Похоже, он понимает, и ему так интересно, что он боится даже шевельнуться, чтобы не прервать ее. Замер недвижно, узкая грудь мерно дышит, маленькие глазки прикованы к ее губам. По улице время от времени проезжают машины; шаги, голоса, обрывки разговора приближаются, удаляются, пропадают вдали.

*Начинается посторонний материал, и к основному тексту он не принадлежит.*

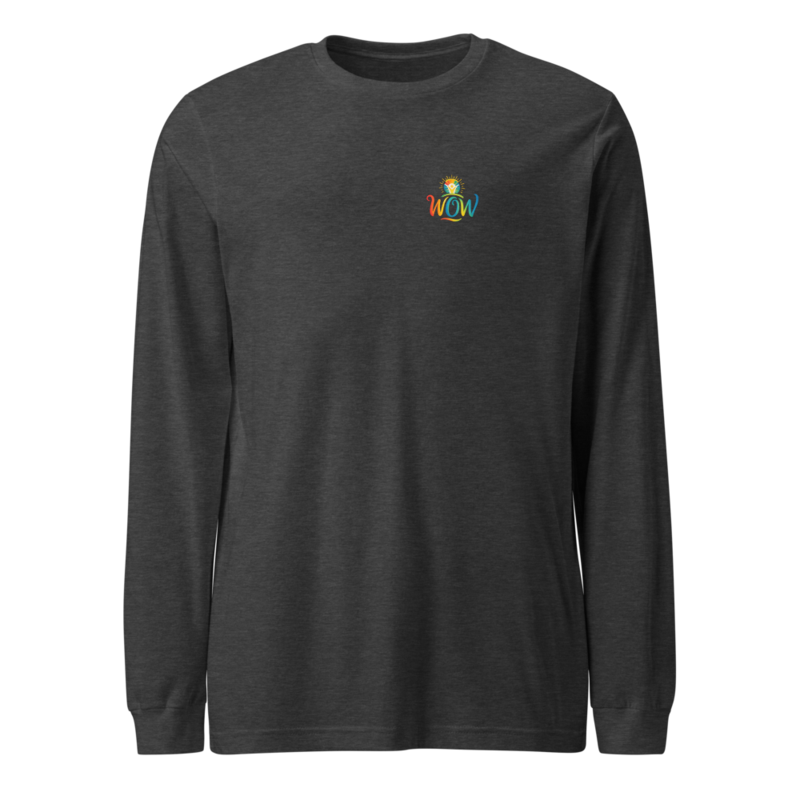 WOW Core logo Long Sleeve Tee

– Моя квартира в Манхэттене набита книгами, – продолжает Урания. – Как этот дом в моем детстве. Книги по экономике, по праву, по истории. Догадываешься, какой период меня интересует? Эра Трухильо, какой же еще. Самое значительное, что произошло у нас за последние пятьсот лет. Ты говорил это так убежденно. И это верно, папа. За эти тридцать один год кристаллизовалось все зло, которое мы накопили и волокли за собой со времен завоевания Америки. В некоторых книгах появляешься и ты как действующее лицо. Государственный секретарь, сенатор, председатель Доминиканской партии. Кем ты только не был, папа. Я стала специалистом по Трухильо. Вместо того чтобы играть в бридж, гольф, скакать на лошади или ходить в оперу, моим хобби стало вникать в то, что происходило здесь. Жаль, что мы не можем с тобой поговорить. Сколько неясностей мог бы ты мне прояснить, ты ведь жил бок о бок с твоим любимым Хозяином, который так дурно отплатил тебе за твою верность. К примеру, хотелось бы, чтобы ты прояснил мне: с моей мамой Его Превосходительство тоже спал? Она замечает в старике испуг. Вжавшееся в кресло тщедушное тельце вздрагивает. Урания наклоняется вперед, всматривается в него. Или ей показалось? Вроде он ее слушает, вроде даже силится понять, что она говорит.
– Ты это позволил? Покорно смирился? Использовал для собственной карьеры?
Урания дышит глубоко. Оглядывает комнату. На тумбочке у кровати две фотографии в серебряных рамках. На одной – она в день первого причастия, в тот год умерла ее мать. Может, покидая этот мир, она уносила с собой образ своей дочурки с ангельским взглядом, в волнах этого прелестного тюлевого платьица. На другой фотографии – ее мать: совсем молодая, черные волосы разделены пробором, тонкие, выщипанные брови, глаза грустные и мечтательные. Старая, пожелтевшая фотография, чуть потертая. Она подходит к тумбочке, берет фотографию, подносит к губам, целует.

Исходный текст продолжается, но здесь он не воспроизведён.